* _TASK DIRECTIONS_:
From the records below, please print only the lines from the one containing "Костюм Mis-0050" through the one containing "USED 2015 15", both included. Skip the pictures.

[Opening DATA TO PROCESS section]

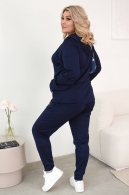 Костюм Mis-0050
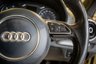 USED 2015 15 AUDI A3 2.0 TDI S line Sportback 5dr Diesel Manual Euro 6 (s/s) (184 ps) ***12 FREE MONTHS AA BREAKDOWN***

[Closing DATA TO PROCESS section]
[Opening DATA TO PROCESS section]

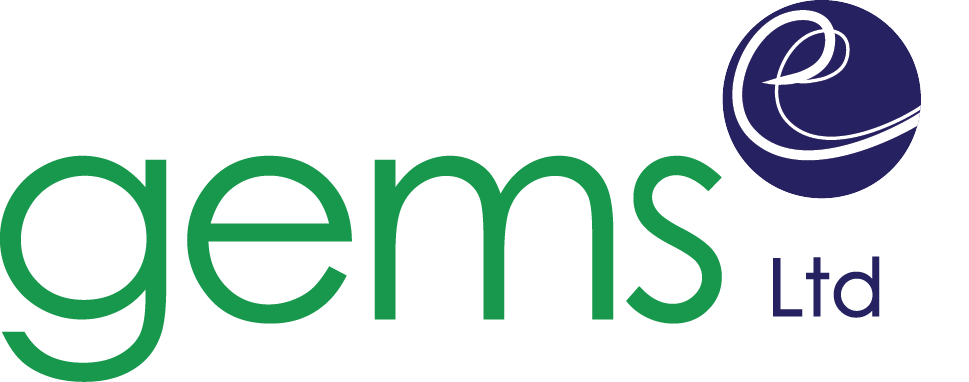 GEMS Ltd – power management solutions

[Closing DATA TO PROCESS section]
[Opening DATA TO PROCESS section]

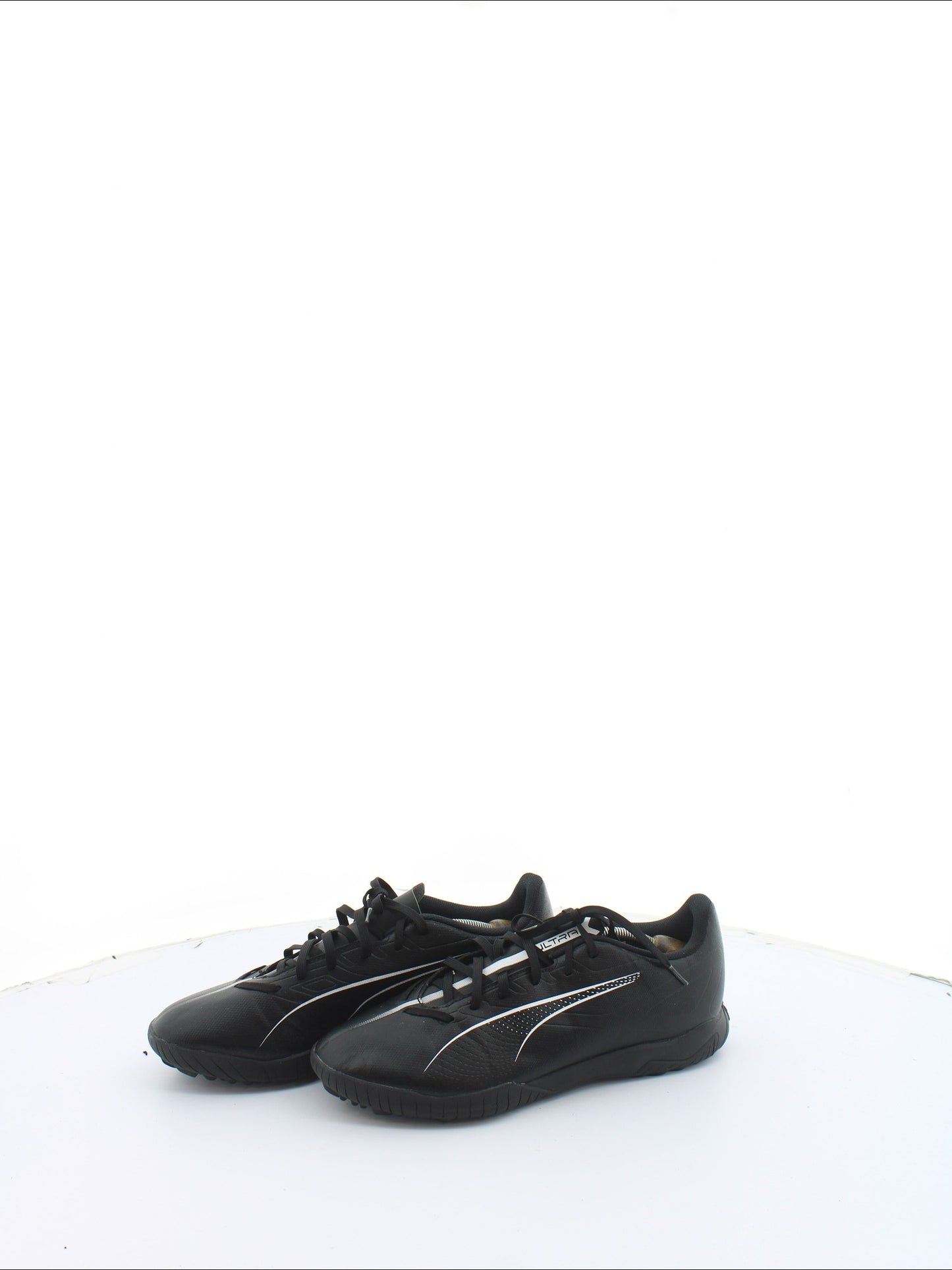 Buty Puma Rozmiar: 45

[Closing DATA TO PROCESS section]

* _WRITTEN ANSWER_:
 Костюм Mis-0050
 USED 2015 15 AUDI A3 2.0 TDI S line Sportback 5dr Diesel Manual Euro 6 (s/s) (184 ps) ***12 FREE MONTHS AA BREAKDOWN***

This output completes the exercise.